▸ **Task item**: Please copy out the entries until you have copied the line that contains "Our Coach Is", beginning with the first line.

━━━━━━━━━━━━━━━━━━━━━━━━━━━━━━

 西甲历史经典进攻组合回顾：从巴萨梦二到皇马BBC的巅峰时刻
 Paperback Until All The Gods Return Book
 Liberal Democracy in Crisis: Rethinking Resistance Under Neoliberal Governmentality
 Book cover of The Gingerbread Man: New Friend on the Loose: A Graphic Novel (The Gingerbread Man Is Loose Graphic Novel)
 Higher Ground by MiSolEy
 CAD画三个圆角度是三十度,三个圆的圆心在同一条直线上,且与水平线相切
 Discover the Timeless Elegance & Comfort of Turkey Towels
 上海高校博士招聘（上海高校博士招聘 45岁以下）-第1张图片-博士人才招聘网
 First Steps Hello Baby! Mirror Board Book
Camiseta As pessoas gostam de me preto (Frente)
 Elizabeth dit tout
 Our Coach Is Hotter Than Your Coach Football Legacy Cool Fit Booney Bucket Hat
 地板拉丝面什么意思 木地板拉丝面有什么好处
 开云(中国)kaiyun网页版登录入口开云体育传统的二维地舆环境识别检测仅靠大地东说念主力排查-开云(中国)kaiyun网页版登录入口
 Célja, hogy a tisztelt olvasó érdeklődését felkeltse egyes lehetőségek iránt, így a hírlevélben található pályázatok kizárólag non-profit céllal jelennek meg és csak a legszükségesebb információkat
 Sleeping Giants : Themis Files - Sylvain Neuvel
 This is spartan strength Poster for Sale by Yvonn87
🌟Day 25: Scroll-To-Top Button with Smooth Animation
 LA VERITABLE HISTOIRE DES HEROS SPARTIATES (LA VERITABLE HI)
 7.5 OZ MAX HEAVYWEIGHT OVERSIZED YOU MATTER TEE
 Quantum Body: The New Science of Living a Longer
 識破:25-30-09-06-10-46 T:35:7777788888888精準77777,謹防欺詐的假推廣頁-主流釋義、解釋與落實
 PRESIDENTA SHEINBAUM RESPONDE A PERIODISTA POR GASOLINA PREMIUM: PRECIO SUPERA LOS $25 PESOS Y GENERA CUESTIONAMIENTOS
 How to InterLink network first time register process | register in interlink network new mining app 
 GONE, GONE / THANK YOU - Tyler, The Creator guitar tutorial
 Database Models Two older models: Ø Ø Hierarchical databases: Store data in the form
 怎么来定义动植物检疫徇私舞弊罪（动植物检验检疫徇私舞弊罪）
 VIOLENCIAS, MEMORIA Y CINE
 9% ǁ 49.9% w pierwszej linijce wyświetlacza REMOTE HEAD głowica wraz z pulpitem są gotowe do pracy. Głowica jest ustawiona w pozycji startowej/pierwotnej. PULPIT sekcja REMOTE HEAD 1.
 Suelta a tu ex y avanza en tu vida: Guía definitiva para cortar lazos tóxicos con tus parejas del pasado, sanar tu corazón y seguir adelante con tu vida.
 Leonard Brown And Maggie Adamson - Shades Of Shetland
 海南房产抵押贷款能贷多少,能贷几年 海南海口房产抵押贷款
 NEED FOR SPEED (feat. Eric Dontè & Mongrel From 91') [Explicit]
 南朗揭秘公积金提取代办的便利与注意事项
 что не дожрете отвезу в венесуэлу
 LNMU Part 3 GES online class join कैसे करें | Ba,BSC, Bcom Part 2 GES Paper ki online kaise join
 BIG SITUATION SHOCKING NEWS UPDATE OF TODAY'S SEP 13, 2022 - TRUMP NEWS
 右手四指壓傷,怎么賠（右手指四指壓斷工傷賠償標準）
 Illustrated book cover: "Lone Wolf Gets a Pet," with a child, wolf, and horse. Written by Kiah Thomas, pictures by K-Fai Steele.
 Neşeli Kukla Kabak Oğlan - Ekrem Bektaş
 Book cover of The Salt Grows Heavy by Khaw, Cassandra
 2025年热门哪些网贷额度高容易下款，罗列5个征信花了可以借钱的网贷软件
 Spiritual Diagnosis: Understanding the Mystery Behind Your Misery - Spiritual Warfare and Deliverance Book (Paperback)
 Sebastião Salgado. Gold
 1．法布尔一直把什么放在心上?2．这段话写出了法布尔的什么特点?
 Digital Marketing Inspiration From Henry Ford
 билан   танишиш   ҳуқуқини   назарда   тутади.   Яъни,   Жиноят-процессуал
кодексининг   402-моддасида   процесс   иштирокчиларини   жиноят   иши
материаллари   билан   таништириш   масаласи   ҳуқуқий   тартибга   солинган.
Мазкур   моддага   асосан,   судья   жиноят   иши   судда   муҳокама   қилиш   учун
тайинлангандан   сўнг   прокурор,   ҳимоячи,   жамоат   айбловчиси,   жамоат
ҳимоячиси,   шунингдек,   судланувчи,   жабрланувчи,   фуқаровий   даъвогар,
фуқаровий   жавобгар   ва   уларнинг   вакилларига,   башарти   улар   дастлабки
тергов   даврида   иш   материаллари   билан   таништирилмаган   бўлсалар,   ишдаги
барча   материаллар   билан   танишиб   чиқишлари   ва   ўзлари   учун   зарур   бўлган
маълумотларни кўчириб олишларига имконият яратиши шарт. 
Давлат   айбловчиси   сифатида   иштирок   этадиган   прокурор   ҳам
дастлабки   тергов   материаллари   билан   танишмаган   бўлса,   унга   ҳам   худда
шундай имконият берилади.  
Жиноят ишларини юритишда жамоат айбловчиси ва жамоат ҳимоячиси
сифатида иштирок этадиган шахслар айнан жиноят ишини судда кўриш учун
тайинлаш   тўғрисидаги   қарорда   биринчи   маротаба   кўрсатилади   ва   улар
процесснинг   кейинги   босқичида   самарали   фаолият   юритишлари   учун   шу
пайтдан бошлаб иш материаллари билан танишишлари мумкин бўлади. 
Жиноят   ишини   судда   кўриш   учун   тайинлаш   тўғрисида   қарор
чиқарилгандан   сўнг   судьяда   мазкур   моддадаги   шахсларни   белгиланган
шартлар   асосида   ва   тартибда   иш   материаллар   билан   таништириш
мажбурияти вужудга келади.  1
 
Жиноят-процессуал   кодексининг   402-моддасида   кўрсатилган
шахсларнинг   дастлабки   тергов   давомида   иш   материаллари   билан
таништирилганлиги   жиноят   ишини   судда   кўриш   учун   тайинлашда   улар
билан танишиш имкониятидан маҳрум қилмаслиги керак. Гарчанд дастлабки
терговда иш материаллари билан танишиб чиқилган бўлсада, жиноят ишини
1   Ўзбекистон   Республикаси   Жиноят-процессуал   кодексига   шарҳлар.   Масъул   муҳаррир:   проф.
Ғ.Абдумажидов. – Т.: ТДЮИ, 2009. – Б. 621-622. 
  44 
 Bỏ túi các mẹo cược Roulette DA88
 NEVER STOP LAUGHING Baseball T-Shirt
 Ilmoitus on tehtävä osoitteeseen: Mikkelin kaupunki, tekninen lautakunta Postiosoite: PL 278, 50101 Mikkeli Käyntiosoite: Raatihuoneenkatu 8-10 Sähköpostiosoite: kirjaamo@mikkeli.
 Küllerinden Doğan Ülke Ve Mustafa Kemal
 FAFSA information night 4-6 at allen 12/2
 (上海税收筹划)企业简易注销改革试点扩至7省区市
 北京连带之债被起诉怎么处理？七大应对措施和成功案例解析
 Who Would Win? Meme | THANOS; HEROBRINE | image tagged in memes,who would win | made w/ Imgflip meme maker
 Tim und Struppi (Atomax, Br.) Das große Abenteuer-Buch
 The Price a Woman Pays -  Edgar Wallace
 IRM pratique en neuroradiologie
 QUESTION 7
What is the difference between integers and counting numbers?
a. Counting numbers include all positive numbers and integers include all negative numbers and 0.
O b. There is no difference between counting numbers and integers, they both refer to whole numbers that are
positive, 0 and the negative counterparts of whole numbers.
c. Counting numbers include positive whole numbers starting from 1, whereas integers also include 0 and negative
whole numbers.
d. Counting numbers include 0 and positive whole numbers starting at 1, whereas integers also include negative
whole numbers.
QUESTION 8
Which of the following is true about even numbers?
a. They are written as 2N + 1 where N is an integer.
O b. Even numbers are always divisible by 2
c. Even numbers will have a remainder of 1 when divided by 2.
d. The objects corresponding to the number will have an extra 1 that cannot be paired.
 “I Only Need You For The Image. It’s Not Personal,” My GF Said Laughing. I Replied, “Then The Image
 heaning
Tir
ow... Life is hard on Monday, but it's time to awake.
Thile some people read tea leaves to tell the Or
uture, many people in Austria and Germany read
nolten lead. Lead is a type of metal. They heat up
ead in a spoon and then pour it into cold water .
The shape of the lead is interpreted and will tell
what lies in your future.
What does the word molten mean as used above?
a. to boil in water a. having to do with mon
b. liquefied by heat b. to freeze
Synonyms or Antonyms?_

━━━━━━━━━━━━━━━━━━━━━━━━━━━━━━

▸ **Your solution**:
 西甲历史经典进攻组合回顾：从巴萨梦二到皇马BBC的巅峰时刻
 Paperback Until All The Gods Return Book
 Liberal Democracy in Crisis: Rethinking Resistance Under Neoliberal Governmentality
 Book cover of The Gingerbread Man: New Friend on the Loose: A Graphic Novel (The Gingerbread Man Is Loose Graphic Novel)
 Higher Ground by MiSolEy
 CAD画三个圆角度是三十度,三个圆的圆心在同一条直线上,且与水平线相切
 Discover the Timeless Elegance & Comfort of Turkey Towels
 上海高校博士招聘（上海高校博士招聘 45岁以下）-第1张图片-博士人才招聘网
 First Steps Hello Baby! Mirror Board Book
Camiseta As pessoas gostam de me preto (Frente)
 Elizabeth dit tout
 Our Coach Is Hotter Than Your Coach Football Legacy Cool Fit Booney Bucket Hat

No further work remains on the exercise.